- EXERCISE DESCRIPTION
The answer must consist only of the lines in the records below from the line with "Fine Art Poster" to the line with "Ball Of Yarn", both included, copied word for word with every picture left out.

DATA TO USE Block Start

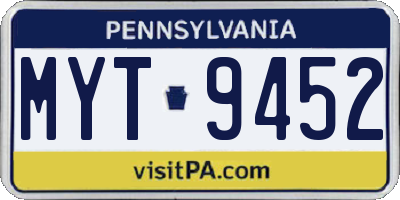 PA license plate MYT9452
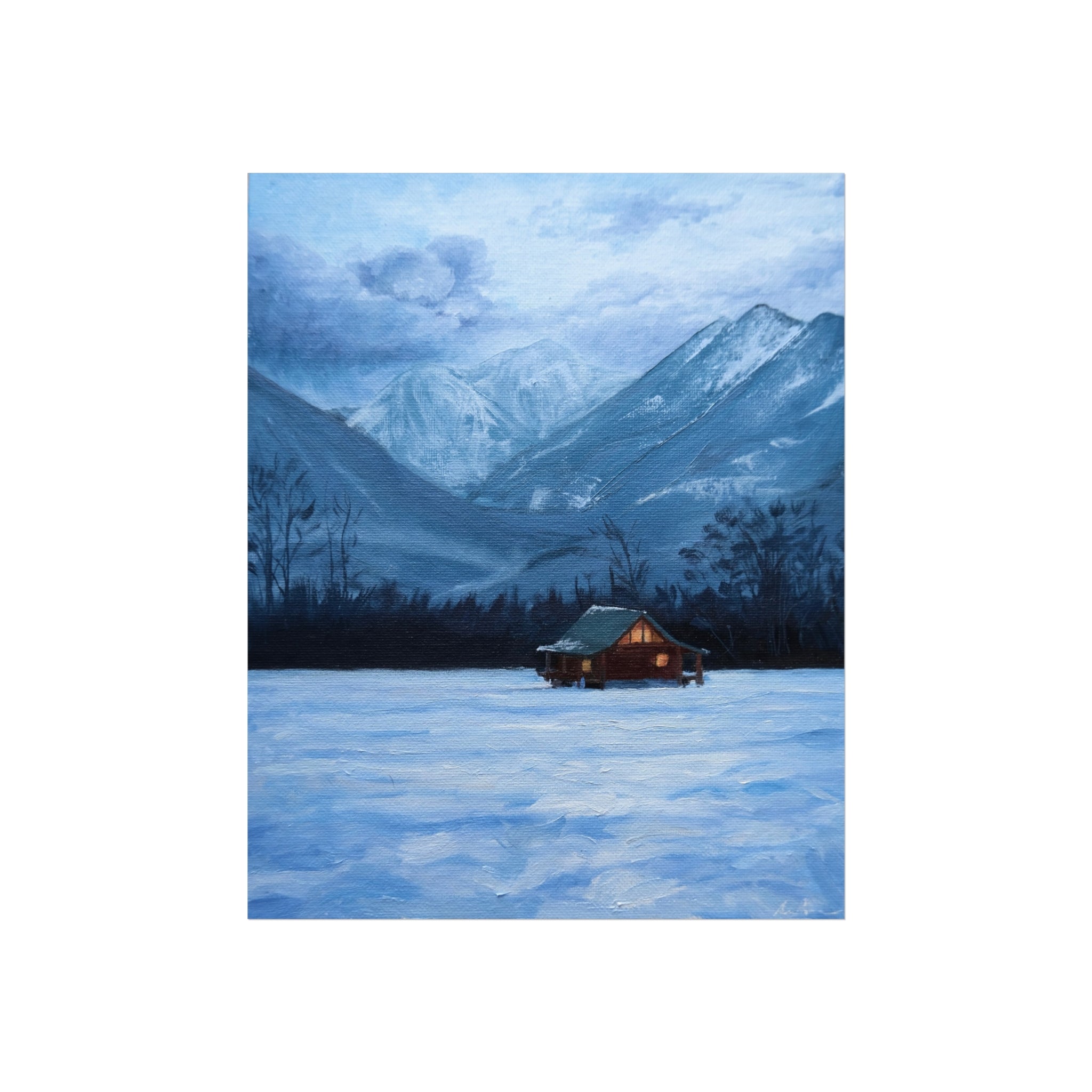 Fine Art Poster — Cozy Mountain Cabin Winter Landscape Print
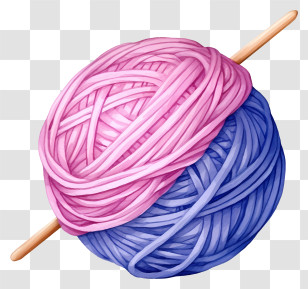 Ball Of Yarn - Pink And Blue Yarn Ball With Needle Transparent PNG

DATA TO USE Block End
DATA TO USE Block Start

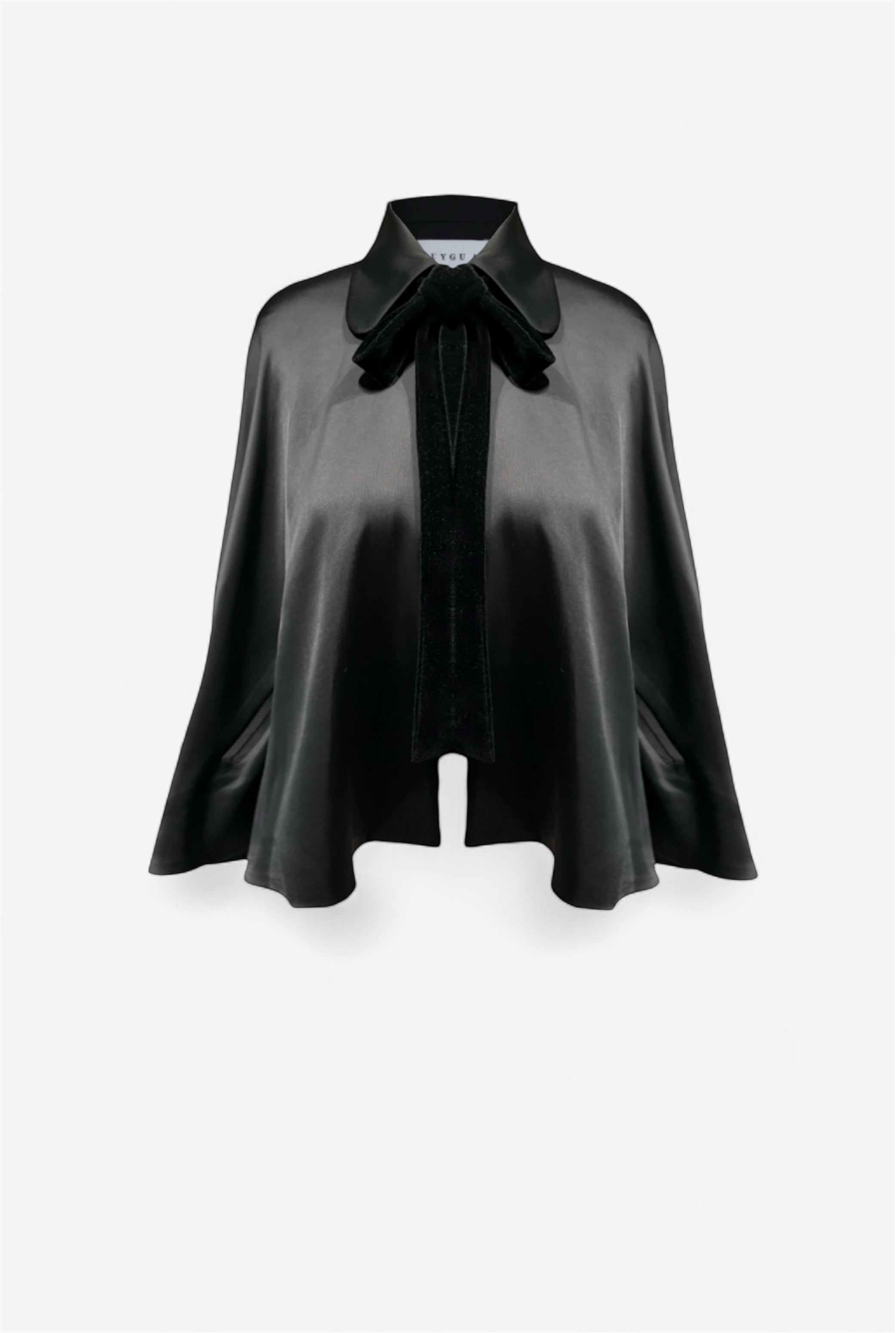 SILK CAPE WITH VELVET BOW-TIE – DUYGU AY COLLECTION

DATA TO USE Block End

- RESPONSE
 Fine Art Poster — Cozy Mountain Cabin Winter Landscape Print
 Ball Of Yarn - Pink And Blue Yarn Ball With Needle Transparent PNG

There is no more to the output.